Wolff e J.R.R. Tolkien: un paragone difficile

 

Già oltre un anno fa, Norbert Spina, agguerrito tolkieniano del clan dei Proudneck ma appassionato anche dei Fanes, mi mise una pulce nell'orecchio con la sua conferenza sul paragone tra Dolasilla ed Eowyn, la principessa-guerriera di Rohan nel Signore degli Anelli. Recentemente abbiamo avuto qualche altro scambio di idee in proposito. Idee che non sono proprio coincidenti, tanto che mi sono deciso a mettere molto sinteticamente qualche punto per iscritto, nella speranza che lui - o anche altri appassionati - trovino il tempo e la voglia di ampliare il discorso e/o controbattere le mie tesi, possibilmente in questo stesso sito. Norbert frattanto ha messo a disposizione di tutti il testo della sua conferenza; lo potete trovare qui.

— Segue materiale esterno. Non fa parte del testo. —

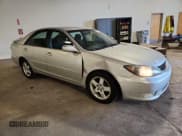 ✅ 2005 Toyota Camry XLE • VIN: 4T1BE32K95U961010 • Lot: 91620035. Wystawiony na Copart z przebiegiem 241 323 mil. Bezpłatny archiwum sprzedaży aukcyjnych z USA i szczegółowy raport historii pojazdu na DreamBid. Zdjęcie 4.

La mia idea nasceva dalla nota profonda competenza di Tolkien nei temi dell'antica poesia anglosassone (Beowulf, ciclo arturiano...) ma anche germanica e finnica, che ha sfruttato fino in fondo sia traendone vari spunti topici, sia ricalcandone l'atmosfera generale della sua Terra di Mezzo, che vi si integra perfettamente. Più esattamente, il ciclo di Tolkien è meravigliosamente costruito in modo da poter costituire l'antefatto mitico della storia del mondo "reale". Intendo dire che, se le storie di Tolkien fossero veramente accadute all'alba dell'umanità, l'attuale stratificazione del patrimonio mitologico anglosassone (e non solo) non ne sarebbe che una naturale conseguenza, dai draghi elfi ed orchi fino agli dei del Valhalla e persino al Dio cristiano!
Questo mi ha suggerito la proposta che una delle finalità di Tolkien fosse proprio quella di infondere nuova linfa all'antico genere leggendario anglosassone, creando una nuova epopea che lo trascendesse, ma senza contraddirlo, anzi coinvolgendolo nella sua interezza.
Da questo punto di vista, il raffronto con Wolff mi sembra chiaramente possibile, pur nelle ovvie differenze: entrambi ambiscono a ricreare lo spirito di un'antica mitologia che amano profondamente, ma Tolkien può costruire la sua opera letteraria su basi folkloriche solide e stabili, mentre Wolff deve iniziare andandosele a cercare tra le rovine della memoria popolare. Nell'ansia poi di recuperare quell'epica e quella poetica che vorrebbe a tutti i costi ritrovarvi, forse inconsapevolmentele le idealizza e quindi le altera, e in parte le distrugge, proprio nell'istante in cui le riporta alla vita.